Visiting Salem

Sarah Good hanged July 19, 1692.

By Julien Torres

In October many people seek spooks and frights for Halloween. In Salem, Massachusetts, you get all of that and then some. The first thing to know about visiting Salem is the price for savoring its spooky delights. Food, souvenirs, and a place to stay the night can cost upwards of thousands of dollars. However, there are cheaper alternatives.

The easiest way to save on your trip to Salem is not traveling or staying in Salem itself. Many hotels in Salem increase prices in October to capitalize on the rise in tourism surrounding Halloween and the Witch Trials of 1692. A way to avoid paying close to $1,000 on a hotel is by staying in nearby Boston. Salem is accessible by trains from Boston’s North Station.

Boston has many hotel options with good service and prices. The Bostonian Hotel in the downtown area is close to North Station. For travel between New York and Boston, a Peter Pan bus takes five hours and costs $36 per person compared to the $364 price tag on Amtrak’s Northeast Regional which takes about the same time. However, Amtrak may be more expensive, but if you have the money to splurge, the difference between having good legroom and being able to eat a hot meal while traveling might be worth extra.

In Salem, “The Witch’s Dungeon” on Lynde Street, features a staged reenactment based on real court records of the witch trials that were held in the 1600s. The actors on stage portray a trial of a young woman who has been accused of witchcraft and how the “witnesses” would say outlandish things to prove the accused was a witch, like saying she spoke in foreign languages or their farm animals were dying.
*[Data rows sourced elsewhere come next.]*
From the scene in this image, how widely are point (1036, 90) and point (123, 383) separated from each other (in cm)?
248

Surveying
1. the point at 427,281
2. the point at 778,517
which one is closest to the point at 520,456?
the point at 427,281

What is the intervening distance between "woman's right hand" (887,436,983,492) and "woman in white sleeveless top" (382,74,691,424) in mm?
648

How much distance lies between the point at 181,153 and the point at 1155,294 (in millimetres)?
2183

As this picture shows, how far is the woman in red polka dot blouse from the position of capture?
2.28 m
The reenactment is followed by a tour of the attraction’s exhibits detailing the experiences of victims of the witch trials. There were varying sizes of cells, ranging from a common size room for the wealthy to rooms the size of a modern broom closet for the poor. The victims were tortured for confessions and executed mainly by way of hanging. However, Giles Corey, one of the few males accused, was executed by being crushed by heavy stones.
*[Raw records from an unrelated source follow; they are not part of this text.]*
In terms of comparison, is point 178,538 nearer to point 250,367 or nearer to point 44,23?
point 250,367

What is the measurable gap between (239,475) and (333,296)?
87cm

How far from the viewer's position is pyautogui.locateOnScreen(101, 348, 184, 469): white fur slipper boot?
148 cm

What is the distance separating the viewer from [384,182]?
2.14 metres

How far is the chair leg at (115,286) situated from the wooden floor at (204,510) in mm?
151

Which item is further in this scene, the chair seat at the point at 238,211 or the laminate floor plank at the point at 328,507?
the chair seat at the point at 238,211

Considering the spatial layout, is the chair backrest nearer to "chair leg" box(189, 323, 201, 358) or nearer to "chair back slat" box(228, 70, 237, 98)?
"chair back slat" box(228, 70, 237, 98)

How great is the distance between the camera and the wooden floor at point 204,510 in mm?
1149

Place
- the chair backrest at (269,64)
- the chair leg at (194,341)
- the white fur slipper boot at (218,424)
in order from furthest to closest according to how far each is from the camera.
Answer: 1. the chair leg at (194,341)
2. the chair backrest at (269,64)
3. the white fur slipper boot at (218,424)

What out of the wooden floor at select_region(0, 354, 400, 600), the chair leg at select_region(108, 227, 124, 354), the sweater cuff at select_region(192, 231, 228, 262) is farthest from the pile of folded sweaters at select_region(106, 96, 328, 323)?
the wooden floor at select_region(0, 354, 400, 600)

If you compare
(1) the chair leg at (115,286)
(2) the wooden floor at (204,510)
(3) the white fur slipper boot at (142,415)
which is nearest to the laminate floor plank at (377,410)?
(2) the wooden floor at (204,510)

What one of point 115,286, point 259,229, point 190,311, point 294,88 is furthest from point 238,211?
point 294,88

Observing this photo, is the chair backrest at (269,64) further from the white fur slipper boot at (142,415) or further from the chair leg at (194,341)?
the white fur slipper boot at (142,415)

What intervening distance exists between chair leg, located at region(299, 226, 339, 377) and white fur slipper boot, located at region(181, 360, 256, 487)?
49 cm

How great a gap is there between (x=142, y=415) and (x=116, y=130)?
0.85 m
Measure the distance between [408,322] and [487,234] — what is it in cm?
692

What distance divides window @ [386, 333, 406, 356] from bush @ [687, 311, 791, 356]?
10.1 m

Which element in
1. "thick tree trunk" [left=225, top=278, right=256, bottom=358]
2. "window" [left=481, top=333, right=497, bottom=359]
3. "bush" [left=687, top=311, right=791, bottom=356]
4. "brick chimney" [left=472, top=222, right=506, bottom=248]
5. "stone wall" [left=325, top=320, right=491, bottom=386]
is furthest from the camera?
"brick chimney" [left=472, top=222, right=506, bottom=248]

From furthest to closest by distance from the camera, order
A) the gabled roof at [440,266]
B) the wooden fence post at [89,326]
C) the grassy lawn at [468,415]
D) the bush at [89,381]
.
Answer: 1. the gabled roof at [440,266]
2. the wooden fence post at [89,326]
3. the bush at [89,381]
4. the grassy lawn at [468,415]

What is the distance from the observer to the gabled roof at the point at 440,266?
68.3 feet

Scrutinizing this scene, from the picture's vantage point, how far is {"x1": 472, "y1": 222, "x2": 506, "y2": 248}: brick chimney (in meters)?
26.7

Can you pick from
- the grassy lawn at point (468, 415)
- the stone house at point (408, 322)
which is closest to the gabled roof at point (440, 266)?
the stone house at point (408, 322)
Outside of the Witch’s Dungeon, the other attractions in Salem include haunted ghost tours, a bustling Main Street where you can see people in costumes, and many historical sites. A few of those locales like the Witch House and the Ropes Mansion are the busiest tourist sites in Salem.  The Witch House, also known as The House of the Seven Gables, gets its notoriety for being the home to Judge Jonathan Corwin, one of the primary judges who presided over the witch trials. The Ropes Mansion was the home of another judge, Judge Nathaniel Ropes. The mansion is also well known for its appearance in the Disney Halloween classic, Hocus Pocus.

Salem has evolved from a small town in Massachusetts Bay to an ideal Halloween destination. Walking the streets you see the enthusiasm for the paranormal and history that makes the town Salem unique. Not a lot of cities in America can connect the 1600s to the present, nor connect the weird to the normal. Seeing people in costume interacting with each other, you see a community that welcomes the offbeat side of life.